Un historia interesante por Aaron Sibarium en el Washington Free Beacon. Ofrece una buena cantidad de detalles bastante concretos, siempre útiles en tales análisis.

Tales líneas directas no son las violaciones de la Primera Enmienda, por supuesto, a menos que conduzcan a una acción coercitiva o discriminatoria contra el habla constitucionalmente protegida, o al menos la amenaza de dicha acción. Incluso si crean un efecto escalofriante en algunas personas que no quieren ser reportadas (o no quieren ser reportadas nuevamente), eso por sí solo no es suficiente para violar la Primera Enmienda.

Aún así, crean posibilidades de abuso, por ejemplo, si los datos resultantes se usan en algún momento para amenazar a los oradores acusados ​​(o negarles trabajos u otras oportunidades). Y creo que tienden a crear expectativas poco realistas: después de todo, si el estado dice que quiere que denuncien cierto comportamiento y le dice que es un mal comportamiento y que eres víctima de un comportamiento tan malo, ¿no esperarías que? ¿El estado realmente intentará hacer algo al respecto?

Luego, cuando el estado no hace nada, es posible que se sienta decepcionado: “¿Por qué el estado no me protege de esto que considera tan malo?” De hecho, al enmarcar ciertos incidentes como lo suficientemente malos como para pedir líneas de respuesta del gobierno y luego no hacer nada sobre esos incidentes, el estado puede estar exacerbando el delito inicial que las personas que llamaron en el incidente, en lugar de mejorarlo.

Y podría promover reacciones adicionales, como litigios que buscan órdenes de restricción (incluso cuando ese litigio finalmente no va a ninguna parte, porque el discurso está constitucionalmente protegido).
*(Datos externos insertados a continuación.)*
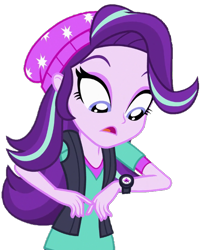 Size: 515x640 | Tagged: safe, artist:thebar, character:starlight glimmer, equestria girls:mirror magic, g4, my little pony: equestria girls, my little pony:equestria girls, spoiler:eqg specials, background removed, beanie, clothing, female, hat, simple background, solo, transparent background, vest, watch, wristwatch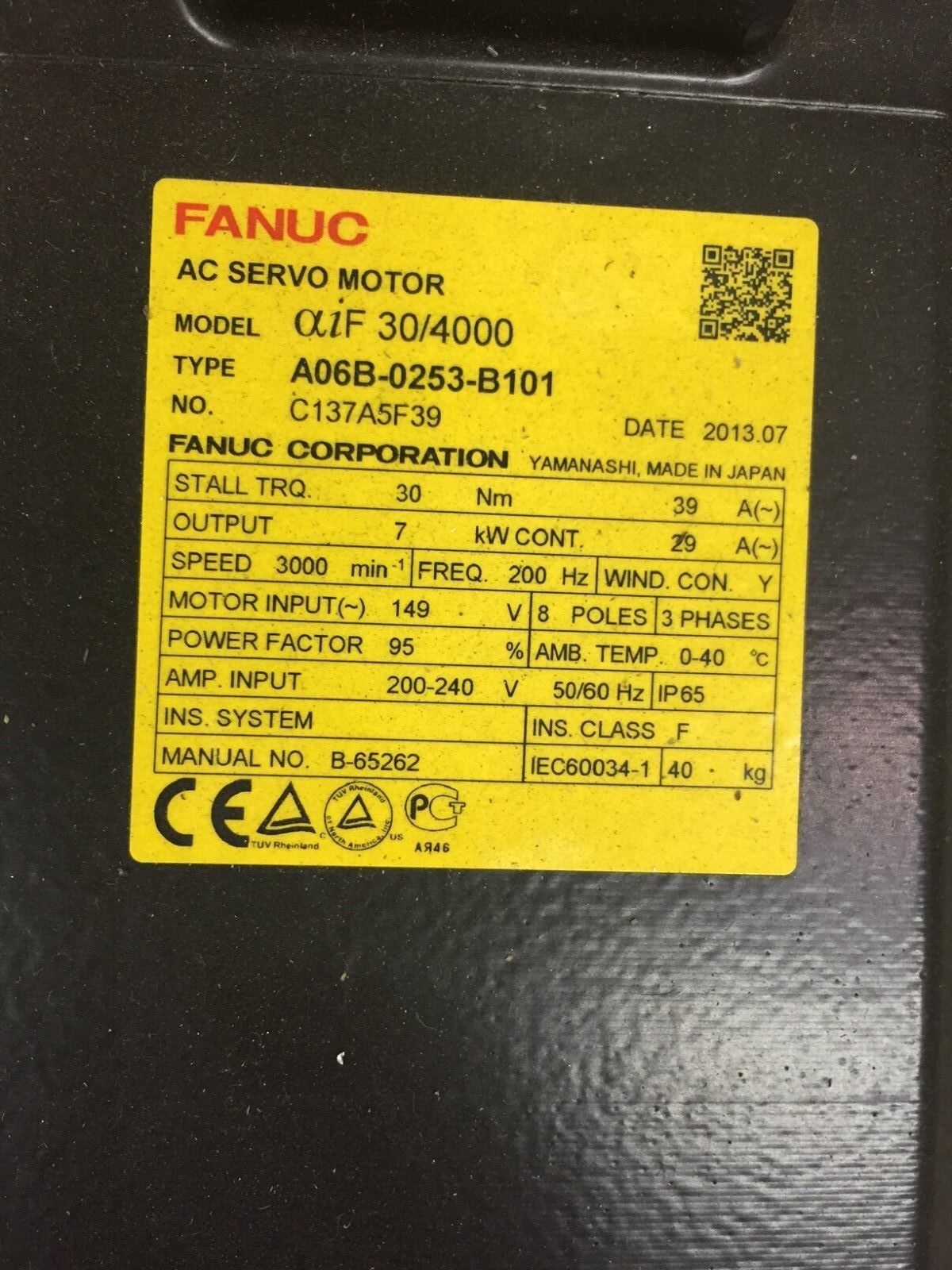 Fanuc - ALPHA 30i SERVO MOTOR A06B-0253-B101 | eBay Fanuc - ALPHA 30i SERVO MOTOR A06B-0253-B101 | eBay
Después de todo, una vez que las instituciones autorizadas le dicen que alguien no solo te ofendes o es un imbécil, sino violar (o al menos poner en peligro) tus derechos civiles, ¿qué tipo de tonto eres por no hacer nada sobre ese comportamiento?

Sin duda, los informes públicos de comportamiento sospechoso o potencialmente criminal pueden ser buenos, incluso si los informes a veces no tienen nada. Si informo que los hijos de mi vecino tienen contusiones, podría provener de que haya caído mientras jugaba o podría deberse a haber sido golpeado. Tiene sentido que los especialistas investiguen eso, incluso si, por supuesto, a veces también pueden cometer errores (y la investigación en sí misma puede sentirse intrusiva con las personas que se sospechan erróneamente). No soy fanático de la retórica anti-“Snitching” que sugiere que es malo que las personas denuncien incluso un comportamiento genuinamente criminal o realmente sospechoso.

Del mismo modo, si informo que alguien está hablando de cómo quiere filmar algún tipo de lugar, es posible que haya entendido una broma como algo grave, y es posible que la declaración sea demasiado general para ser una amenaza penalmente punible. Pero también es posible que la persona esté planeando un delito muy grave, y es bueno evitar eso en lugar de esperar hasta que tenga lugar.

Pero aquí creo que el llamado expreso para informar el discurso simplemente por el punto de vista que expresa, no como parte de una investigación de un posible crimen o de una intención de cometer un delito, me parece poco sólido y peligroso. Una vez más, no es en sí mismo inconstitucional, pero tampoco es algo que creo que nuestro gobierno debería estar haciendo.